The decision by education Commissioner MaryEllen Elia means the student, referred to only as S.S. in the opinion, can attend her high school in the Rocky Point Union Free School District without paying tuition. She can also receive district transportation to the school.
“I find that petitioner has established that the student meets the definition of a homeless unaccompanied youth under either state or federal law,” Elia wrote. “The record indicates that the student is not in the physical custody of a parent or legal guardian … The petition describes the student’s living situation as ‘a temporary bed in the home of [a] friend.’”
Elia’s decision came after the student’s mother, referred to only as D.S., appealed the school district’s ruling that said her daughter could not attend the school because she was neither “homeless” under the act nor a district resident.
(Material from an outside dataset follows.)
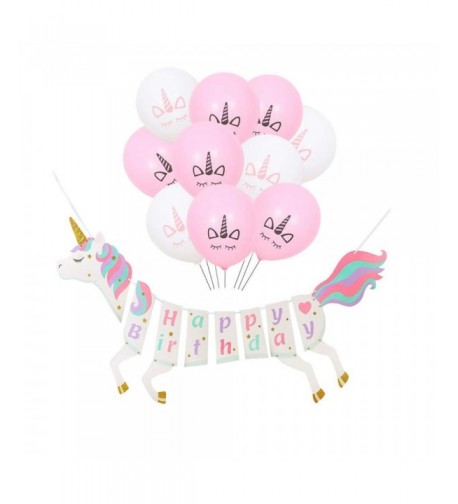 LJDJ Unicorn Birthday Banner balloons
“The commissioner appears for the first time to say that where a child is having an intransigent relationship with her parent, that that child can be considered homeless, because she can’t live at peace with her mother,” said John Ray, of Ray, Mitev & Associates in Miller Place, who represented D.S. “The case significantly broadens a child’s ability to say they are a homeless child and receive services and attend a school of their choice.”
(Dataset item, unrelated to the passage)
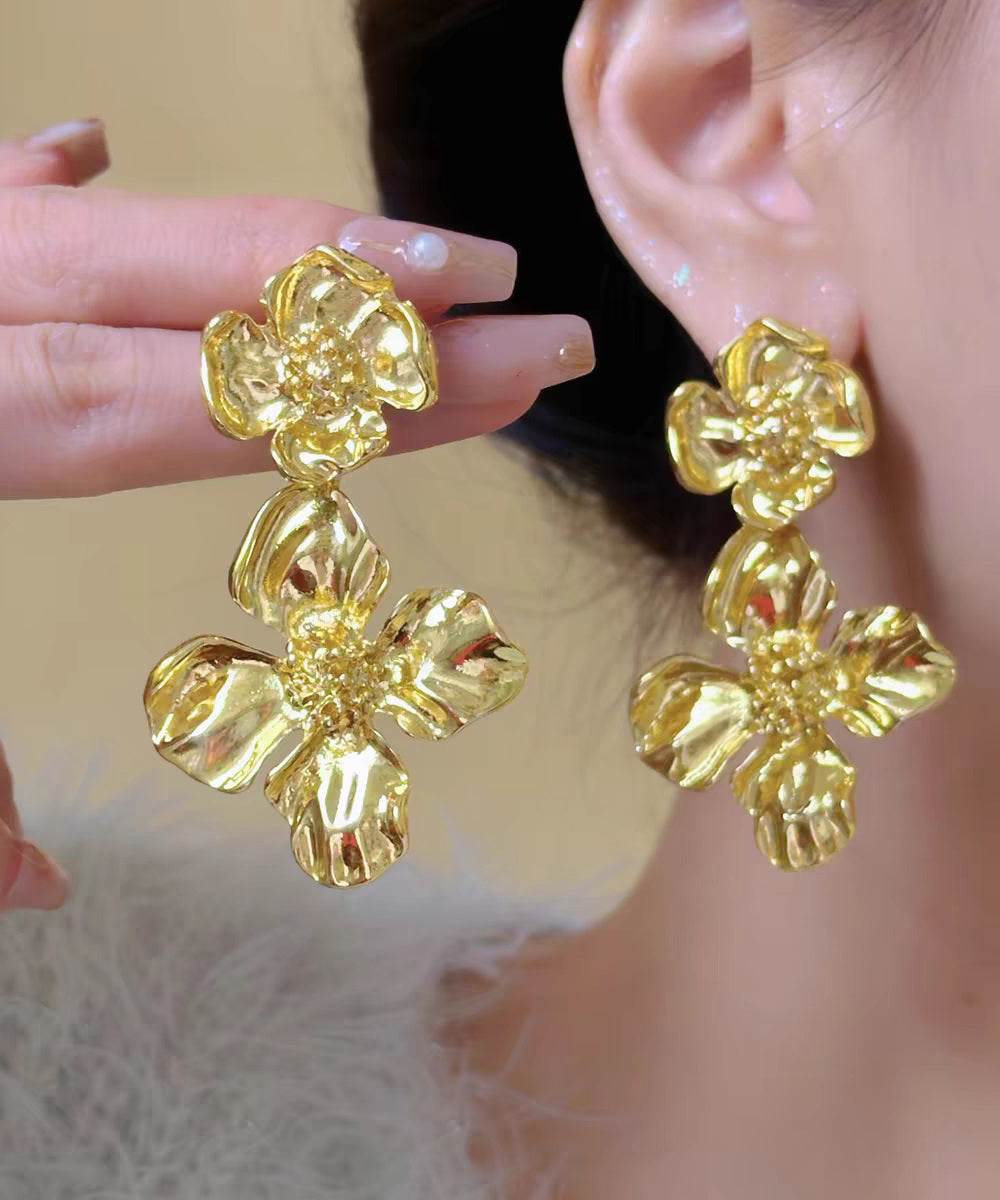Stud Ancient Fashion Earrings Floral Gold FashionChic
But Kevin Seaman, a Stony Brook-based lawyer who represented the Rocky Point school district, said, “I don’t know if I agree that that’s true, because each case is so factually specific that I think it is difficult to say this decision has broken new ground.”
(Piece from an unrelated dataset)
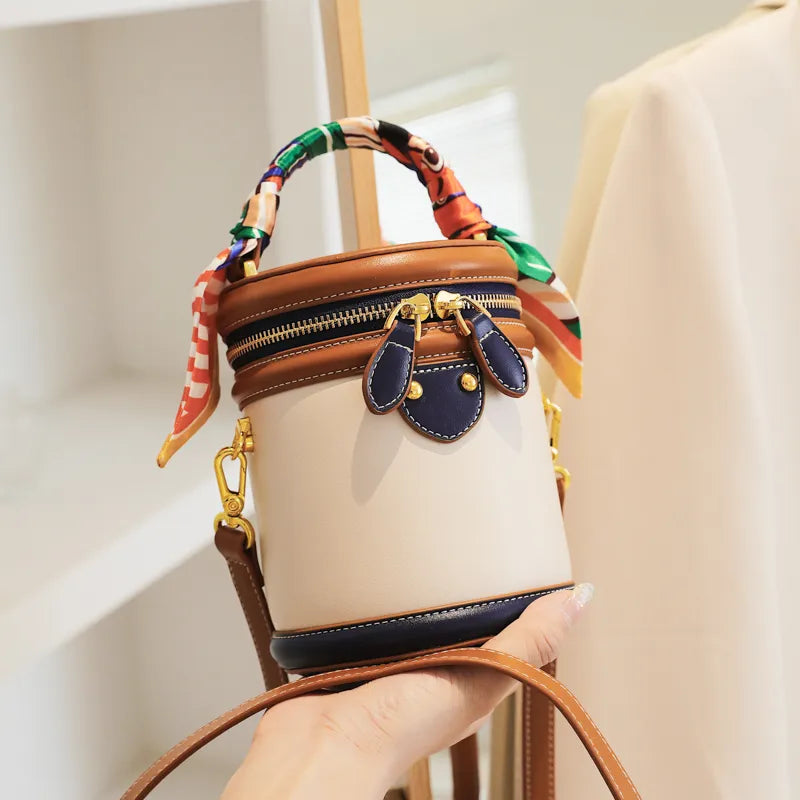 CrossBody Leather Bucket Bag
In Appeal of D.S., on behalf of her daughter S.S., No. 17161, the issue revolved around whether S.S.’s situation meant she was an “unaccompanied youth,” meaning she had to be both homeless and not in the custody of a parent or guardian.
D.S. relocated in August 2016 from an address in the school district’s area to her boyfriend’s home outside of the district, Elia wrote. The boyfriend, also unnamed, has said that he would “not allow” S.S. to live in his home because violence would ensue imminently between the student and her mother. D.S. has stated she and her daughter have a “long-standing exceedingly volatile … dangerous relationship” and they are unable to live together or “be in close proximity” to one another, Elia wrote.
Meanwhile, S.S.’s father, also unnamed, has said he is estranged from his daughter and that the Suffolk County Family Court has issued an order of protection, based on neglect, disallowing him from living with his daughter. S.S. noted the same, in an affidavit, and said the father receives only five hours of visitation with her per week.
In the meantime, S.S. has found a place to stay, at least on some nights, at the house of friend, although she has maintained that she doesn’t stay there every night. Seaman and the district have argued it is “fixed,” and therefore more than a temporary residence, while also contending that “the ‘personal difficulties’ described by petitioner do not constitute a basis for homelessness.”
But Elia disagreed with the district in an Aug. 23 decision. “An affidavit from the student indicates that she was ‘abandoned’ by her parents and ‘found a temporary bed in the home of [her] friend …’” she wrote, adding, “She cannot be said to have a fixed, regular and adequate nighttime residence.”
Seaman said he and the district have not yet decided whether they’ll pursue the matter further, either by seeking an appeal in state court in Albany or by reopening the matter before Elia.
“It has not been temporary, she has clearly had a sufficient nighttime residence” over the last year, he said of the friend’s home, adding, “It’s a sympathetic case, the commissioner was sympathetic to her [S.S.].”